Она постояла в дверях, вытирая руки о фартук — мамин фартук, отметила я про себя, но ничего не сказала. Валентина жила с отцом последние восемь лет. Официально они расписались года четыре назад, когда его первый раз положили в больницу. Тогда это казалось разумным: кому-то надо было оформлять документы, дежурить, носить передачи. Я жила в другом городе, приезжала раз в два-три месяца. Она была рядом.

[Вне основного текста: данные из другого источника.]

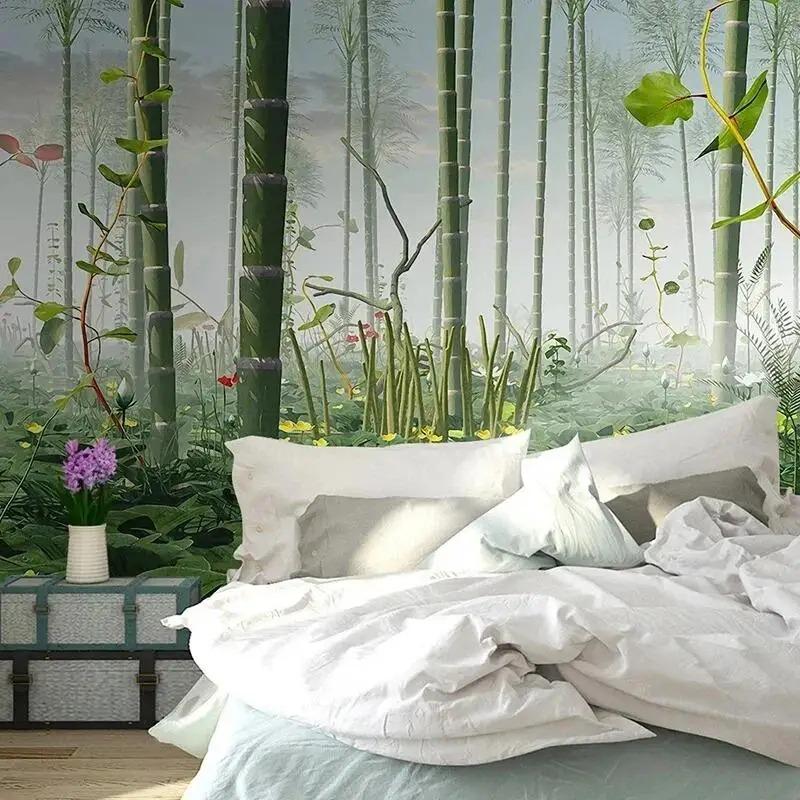 3d Photo Wallpaper Lotus Bamboo Forest Landscape Mural Living Room Bedroom Background Wall Paper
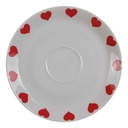 Untertasse für Kaffee 14,4 cm Winterling Schwarzenbach Herzchen rot weiß gebraucht - akzeptabel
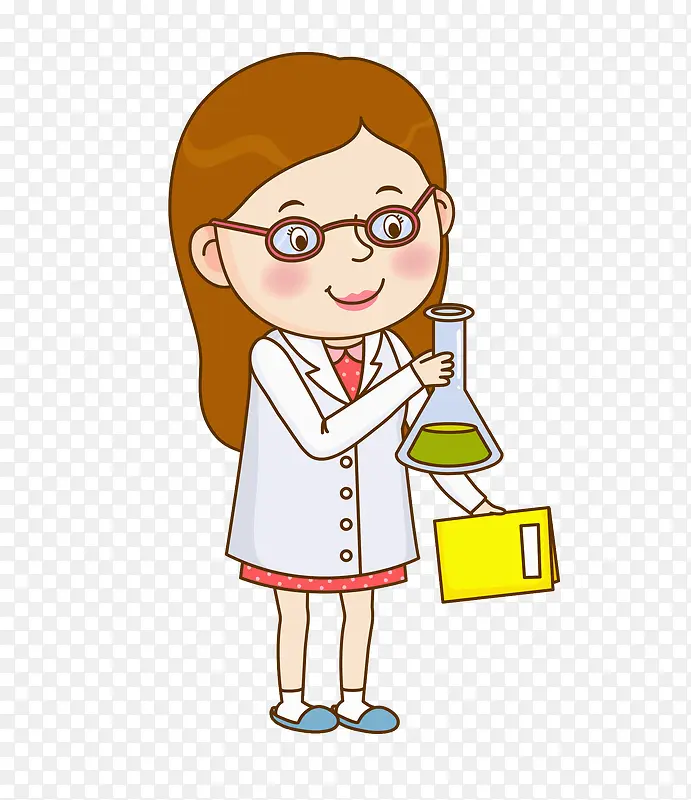 拿着烧杯做实验的女人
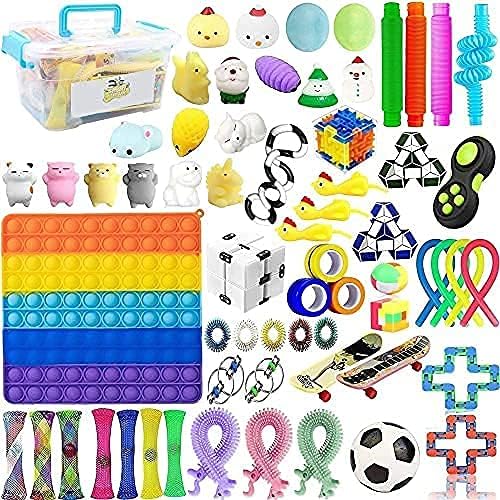 Kzidro 60pcs Fidget Toys – Stress Relief Toys for Focus & Calm – Toy Box & Party Favor Fidget Pack + Reusable Bag (Colorful)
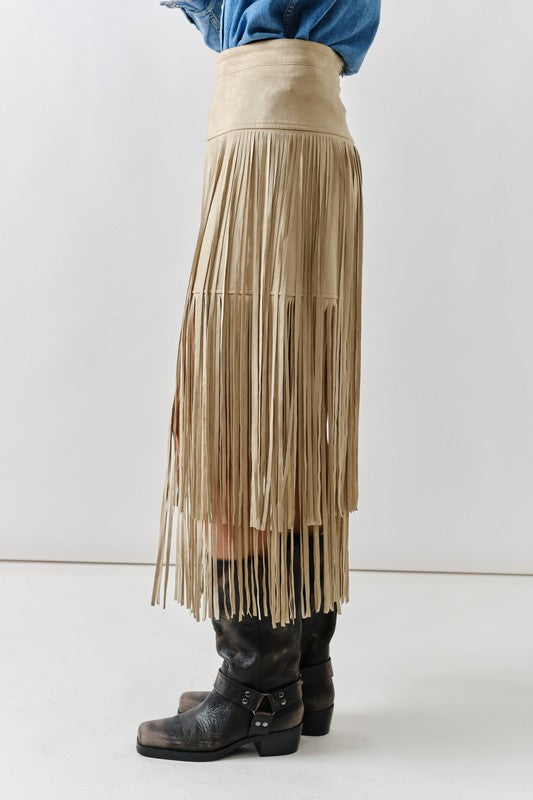 1849 Suede Fringe Midi Skirt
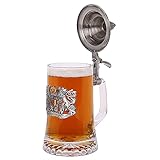 Wrendefull 0.6L Beer Stein with Matel Pewter Lid Stanley Steel Germany Oktoberfest Tankard Eagle Bierkrug Drinking Glass Horn Coffee Mug Stine for Men Can at Christmas Ornaments Cup Broede
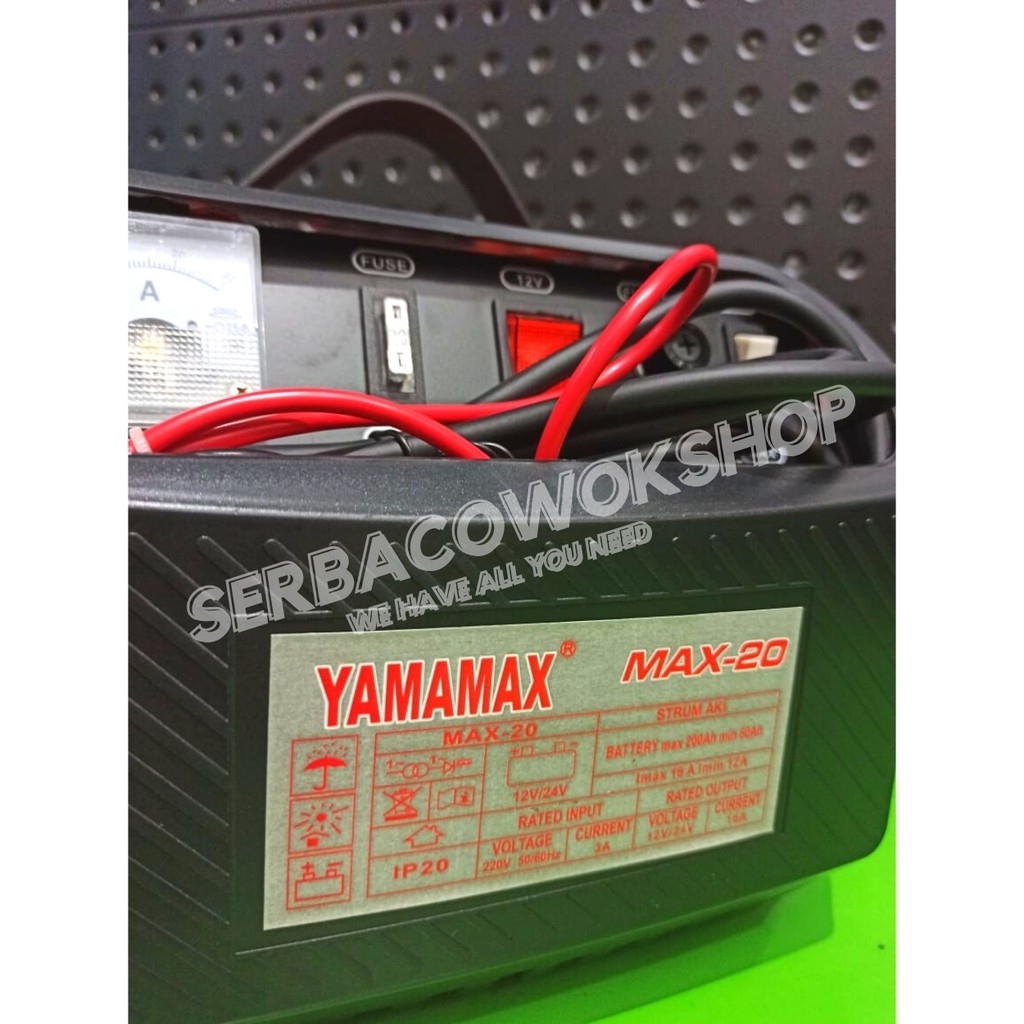 Yamamax Battery Charger Max-20 Cas Aki Strum Aki Charger Accu Termurah Berkualitas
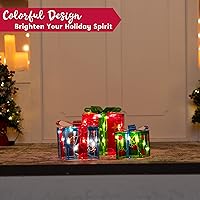 Vista 4 de JOIEDOMI Juego de 3 cajas de regalo iluminadas de Navidad, decoraciones del día de San Valentín, cajas de regalo preiluminadas con estrellas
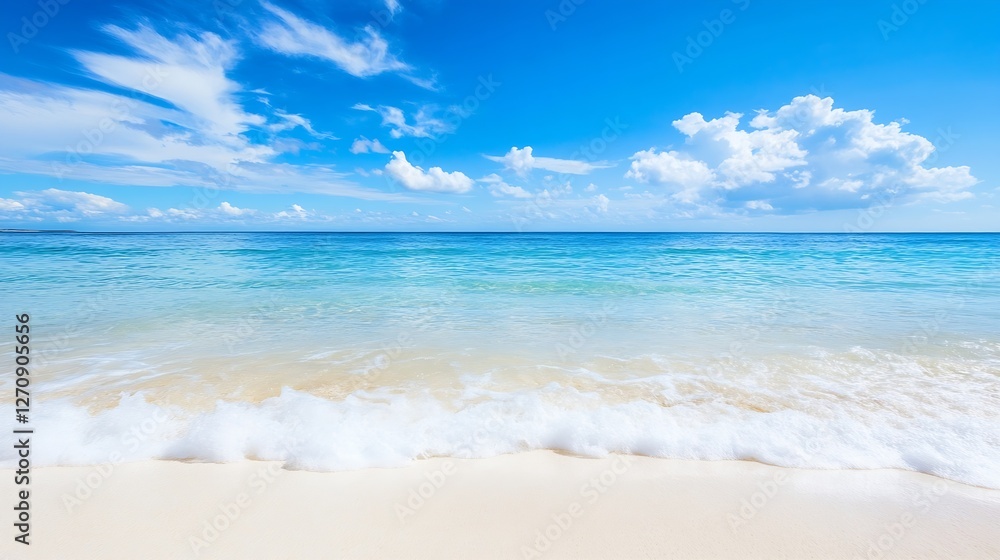 Stunning ocean beach view with calm waves lapping at the pristine sandy shoreline : Generative AI Stunning ocean beach view with calm waves lapping at the pristine sandy shoreline : Generative AI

— Ну как знаешь, — сказала Валентина и ушла.

Я осталась одна. Вода остывала, свёкла оседала на дне таза бордовым илом. За стеной, в комнате, слышались голоса — Валентина и её сын Олег. Он приехал вчера, к похоронам. Высокий, рыхлый, с вечно недовольным лицом человек лет тридцати пяти, который всю жизнь искал, кто ему должен.

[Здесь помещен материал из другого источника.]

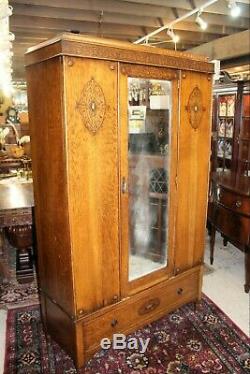 English Antique Tiger Oak Jacobean One Mirrored Door Cabinet Wardrobe / Armoire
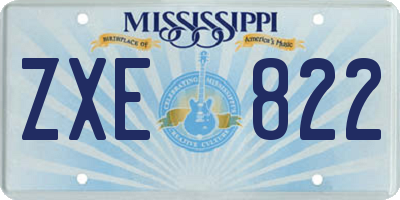 MS license plate ZXE822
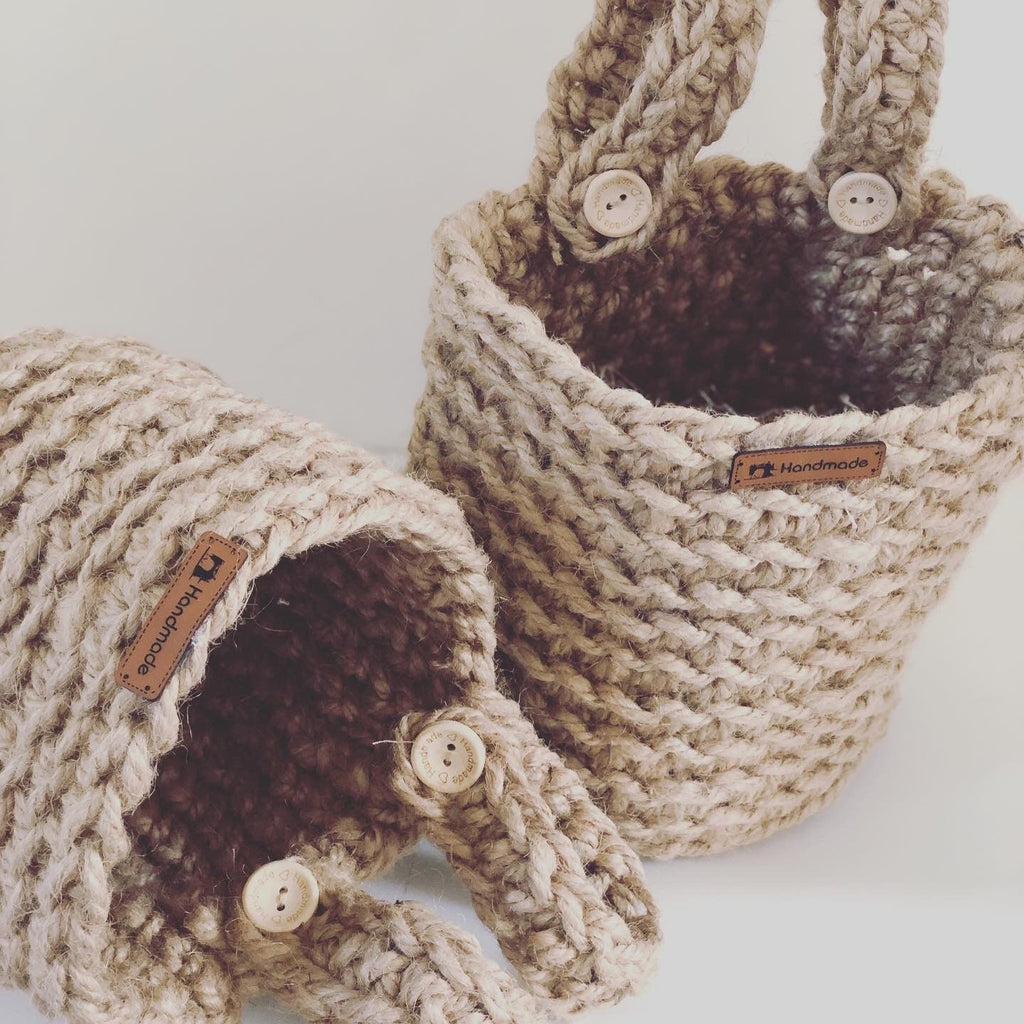 Hanging Basket Set of 2 pieces Made of Jute Rope; Baby Shower or Mother's Day Gift; Decoration Object for Bathroom and Kitchen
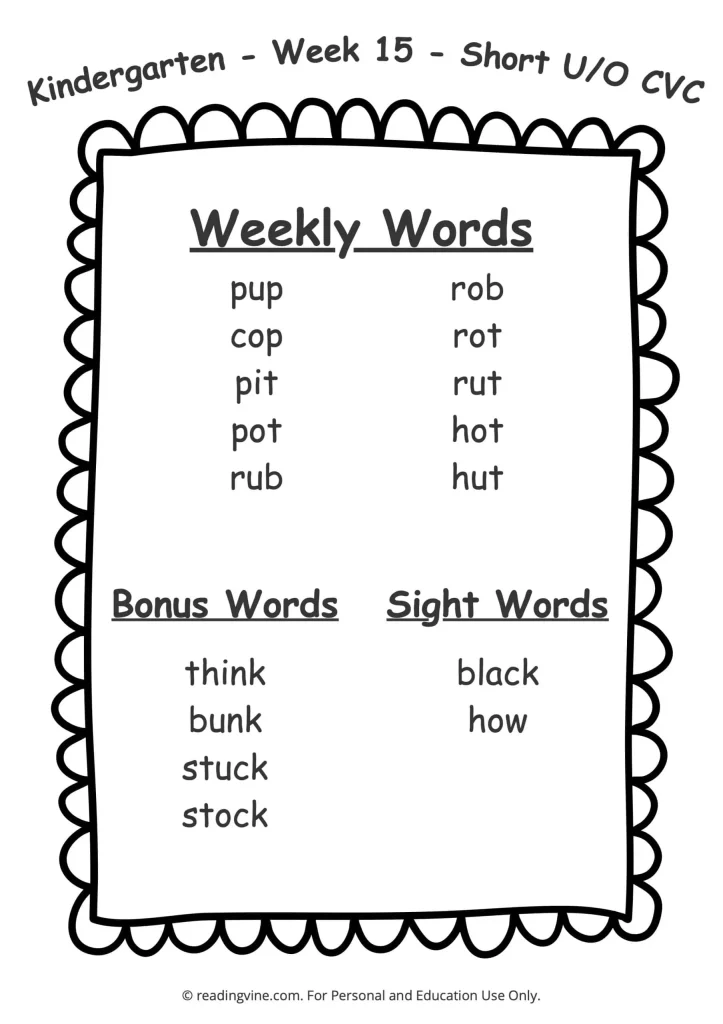 Week 15 Spelling List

Дверь на кухню была приоткрыта. Не нарочно — просто не закрывалась плотно, косяк повело ещё в те годы, когда я тут жила. Голоса доносились ясно, будто я стояла рядом.

— …всё, отмучились, — говорил Олег. — Слава богу. Я думал, он ещё месяц протянет.

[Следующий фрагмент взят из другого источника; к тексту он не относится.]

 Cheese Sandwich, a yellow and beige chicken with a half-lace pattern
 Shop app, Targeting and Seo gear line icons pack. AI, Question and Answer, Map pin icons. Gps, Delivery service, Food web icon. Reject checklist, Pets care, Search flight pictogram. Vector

— Тише ты, — шикнула Валентина.

— А чего тише? Все ушли. Эта на кухне гремит.

Я замерла с салатницей в руках. Вода капала с локтя на пол.

— Документы-то все в порядке? — спросил Олег. — Точно всё оформлено?

— Всё, всё. Ещё в марте. Я же тебе говорила.

— В марте он уже плохой был.

— Тем лучше, — сказала Валентина, и голос у неё был спокойный, будничный, каким обсуждают, что сварить на завтра. — Подписал и подписал. Нотариус приезжал на дом. Николай ручку-то держал еле-еле, я ему помогала.

— А эта? — Олег понизил голос, но всё равно было слышно. — Марина. Не докопается?

— Да с чего? Дарственная — это тебе не завещание. Оспорить дарственную — это надо в суд, это надо доказывать. А что она докажет? Что была за тыщу километров и приезжала два раза в год?

У меня похолодели руки. Не от воды — вода была ещё тёплой.

Дарственная. Отец подарил кому-то квартиру. Валентине. Ту квартиру, в которой я выросла. В которой мама умерла. В марте.

— Он вообще-то хотел Маринке отписать, — сказал вдруг Олег, и в голосе его была почти обида, будто отец покусился на его законное. — Помнишь, весной ещё говорил. Всё квартиру да квартиру, дочке, дочке.

— Мало ли что он хотел, — отрезала Валентина. — Хотел одно, подписал другое.

— А он понял вообще, что подписывал?

Тишина. Короткая. Я слышала, как в комнате скрипнул стул.

— Понял, не понял — теперь не спросишь, — сказала наконец Валентина. — Бумага есть, печать есть. Всё законно.

Я поставила салатницу на стол. Очень аккуратно, чтобы не звякнула. Сердце билось так, что его, наверное, было слышно в комнате.

— А звонила она ему? — снова Олег. — В последние-то дни.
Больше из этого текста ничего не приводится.